Oil prices are rising this morning as the market bounces back from last week’s sell-off. It appears this week’s rebound is due to trading factors rather than fundamental news influencing prices. In fact, there’s a decent bit of bearish news from this weekend – Libya plans to restore oil production fully, and President Biden ended his Middle East tour with no commitment from OPEC to increase supplies. But regardless of the fundamentals, trading data reveals why prices are jumping higher today.
American trading markets are highly transparent and regulated, and data from the CFTC (which regulates commodity trading) shows that both long and short oil trading volumes are declining. Put another way: regardless of whether oil traders believe prices will go up or down, they are exiting the market due to volatility and improving returns in bond markets as interest rates rise. Why gamble and possibly lose money trading oil when you can make a guaranteed 3% from treasury bonds – or more since the Federal Reserve is expected to raise rates again this month. Short trades (people betting oil prices will fall) decreased more than long positions last week, suggesting that markets don’t expect prices to fall much below the $95/bbl level seen last week.
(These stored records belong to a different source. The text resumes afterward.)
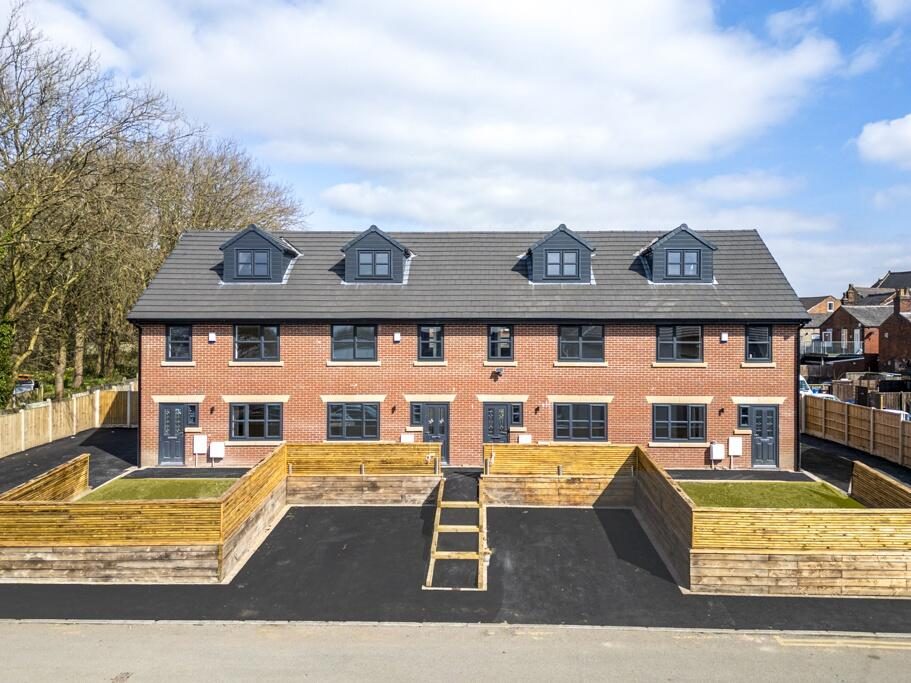 Completed terrace of nine three-storey townhouses at King Street, Hindley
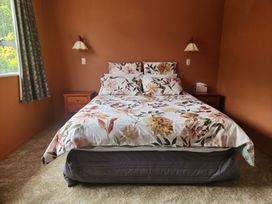 A bedroom with a bed and nightstand at The Willow - Hanmer Springs Holiday Home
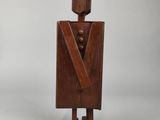 an old wooden sculpture of a man in a tuxedo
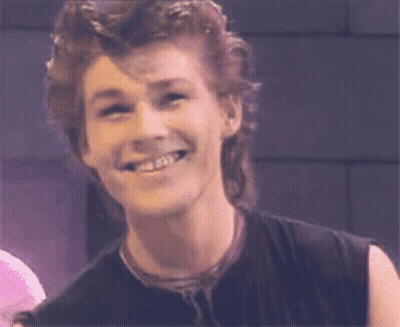 A Man With A Mullet Is Smiling And Wearing A Black Shirt GIF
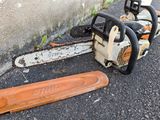 a chainsaw that is sitting on the ground next to a piece of wood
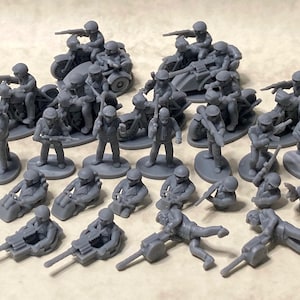 May include: A collection of gray plastic toy soldiers riding motorcycles and operating machine guns. The soldiers are posed in various action poses.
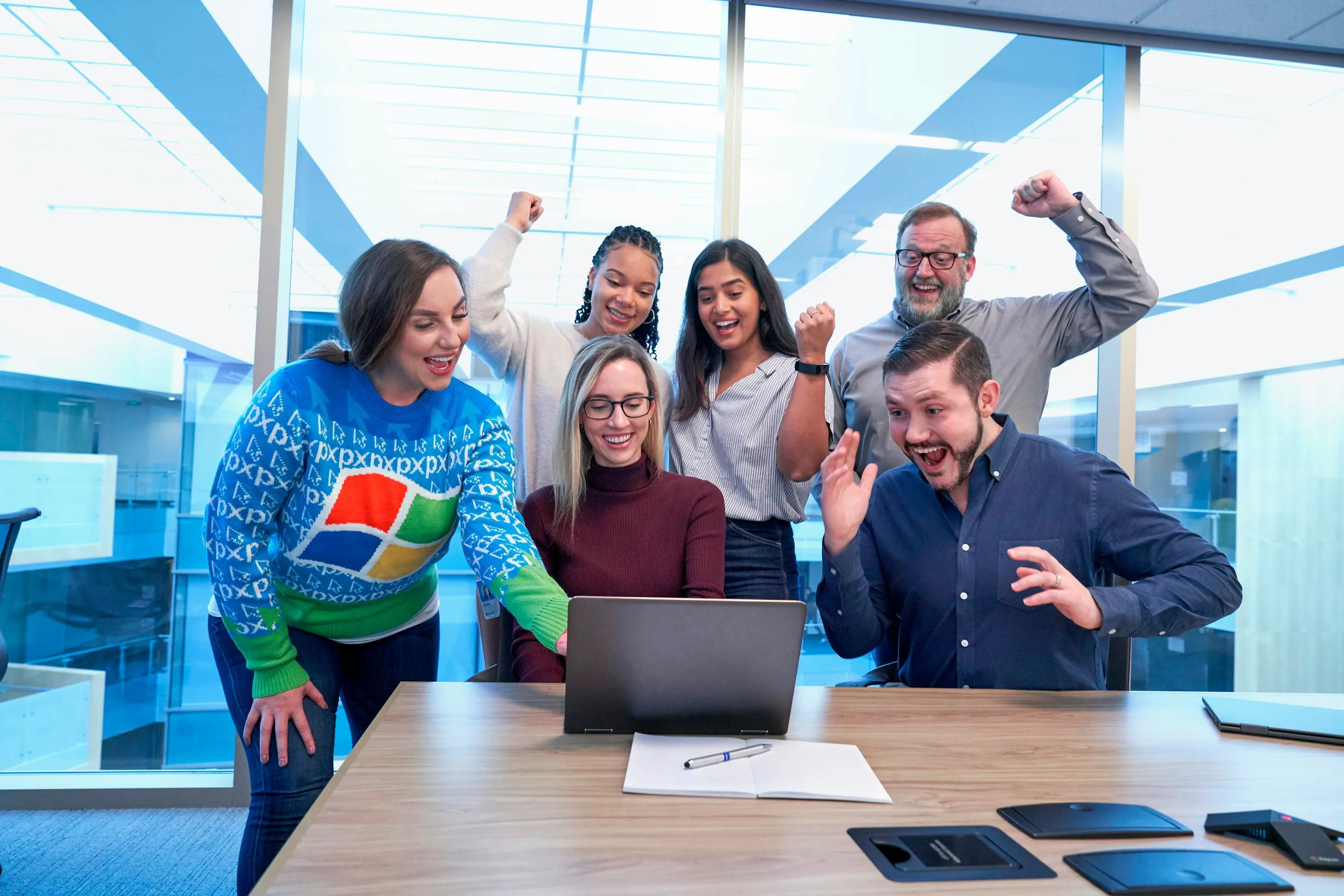 A team celebrating good news around a laptop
Regarding Eastern Europe, Russia seems to be using its natural gas to increase pressure on Europe. Natural gas shipments have been offline for over a week due to a pipeline issue requiring repair – a normal enough occurrence. Although Russia argued that sanctions prevented its speedy repair, Canada has shipped Germany the parts needed to fix the pipeline. Despite repair work, Russia’s energy company Gazprom has not booked nat gas exports for August, suggesting outages could continue. At the same time, natural gas exports to China set a record daily high, according to a Reuters headline.
If Russia restricts natural gas exports, European energy prices will rocket higher. That could lead to more fuel switching for power generation, leading companies to rely on heating oil (diesel) for power rather than natural gas. During the winter, energy consumption increases significantly to keep homes and businesses warm, so prolonged natural gas outages could cause a large increase in diesel consumption this winter.